I live in an area where brick & mortar stores are not easily assessable to demo equipment. While traveling for business, I decided to stop by an establishment on the U.S. West coast. My interest was in the Dynaudio Confidence 20 since I’m looking to upgrade from the Contour 20i. I’m not here to name names or throw anyone under the bus, just purely to voice my frustration and disbelief on how I was treated.

I was greeted with skepticism and a general lack of interest in discussing the product. There were two gentlemen working that day and neither had any interest in answering questions or providing a listening demo. As a matter of fact, when I asked to listen to the Confidence 20 speakers one of them immediately said “no way”. Both speakers were on stands sitting next to several amplifiers so it wouldn’t have taken much time to setup.

I was intent on making a purchase that day and having the speakers shipped to my residence, but decided to leave the store based on my experience.

It’s a shame that most of us have to relay on equipment reviews when establishments such as this lack interest in the customers that support the hobby.

vette5451

My friend and I visited Audition Audio in Birmingham AL back in the 1980s.    We were treated well.  Pretty sure it was Jim Smith himself who helped us.  We both ended up buying a pair of Magnepans that day.  Best sounding Magnepan setup I have ever heard,  but not easy to reproduce at home.

And I know this sounds insane, but honestly the enthusiast Audio buyer is being squeezed out by the mega buck pure consumer.  

By this I mean, they don't want to investigate DAC chips, or speaker material, or think about horns vs. planars.  They want to buy a home theater system and be assured it's wroth the million dollars. 

Development money is tight, and in home theater for instance, having the funds to keep up with video/HDMI/audio and licensing issues is a very expensive proposition. 

I don't know this for sure, but my feelings are that Theta Digital ran into this, and tried for a while to bridge the consumer and installer markets, and finally gave up on the walk-in consumer.  I think other brands may have also.  Honestly I say this with very little evidence, so take this with a grain of salt.  I'd love to understand this whole marketting/dollar dynamic better. 

on a related note, I think Stereophile, TAS and the like probably spend more time thinking about those installers as their prime audience than we realize. 

Regarding making an appointment.  If you want someone to do something for you, then you should make it as easy as possible for them to do what you want.  Making an appointment and letting them know what your intentions/expectations are is a way of making it easy for the retailer.

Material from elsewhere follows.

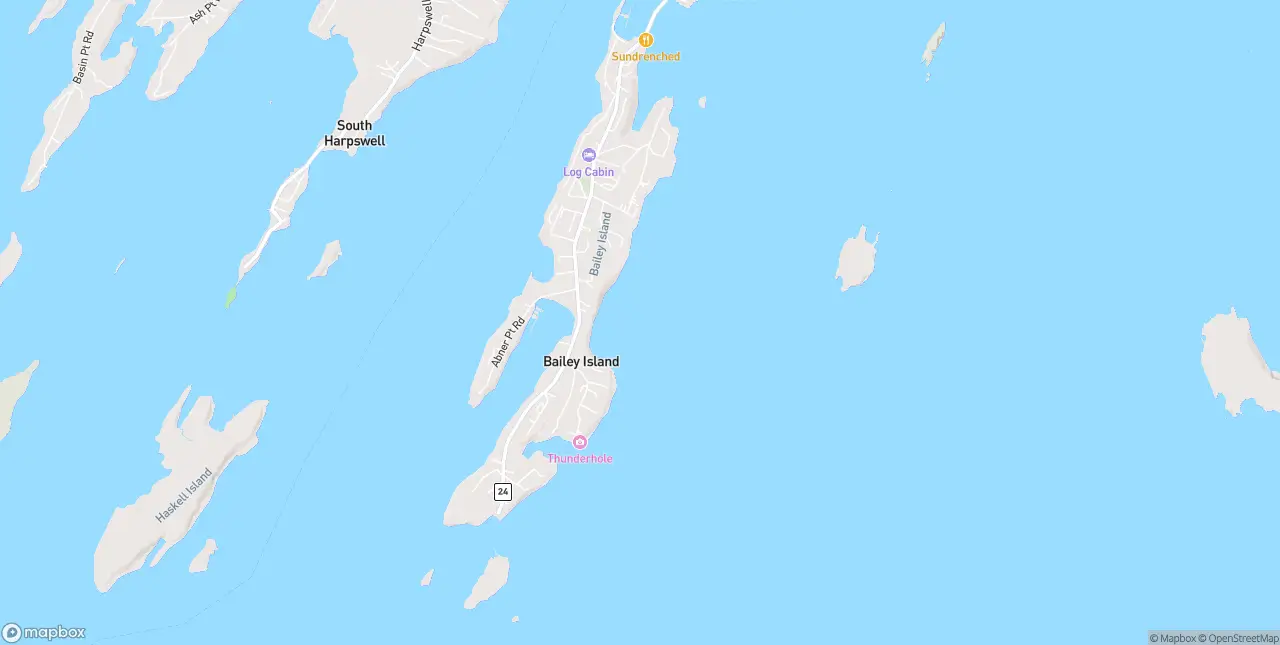 Internet in Bailey Island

Many years ago I had the owner of a multi-store Chicago area hi-fi emporium tell me that audiophiles were a pain to deal with.  They would spend hours talking and listening, but not do that much buying.  They were tolerated as long as they didn't interfere with paying customers.

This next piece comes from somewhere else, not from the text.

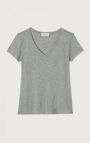 Women's t-shirt Jacksonville, HEATHER GREY, hi-res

when I first walked into an audio store (mid 90s on Boylston), the salesmen tried to sell me one of the cheapest speakers (which he did and which I still own and love btw) and he pointed to the most expensive ones and said: I don't care about selling the entry level ones today, I want to sell you these in 20 years. Because that's where you will end up.

I always remembered it. That some day I will have a killer system because I will just be 10 times better off financially and be ready to buy such a great piece of equipment. That's how a good salesman thinks.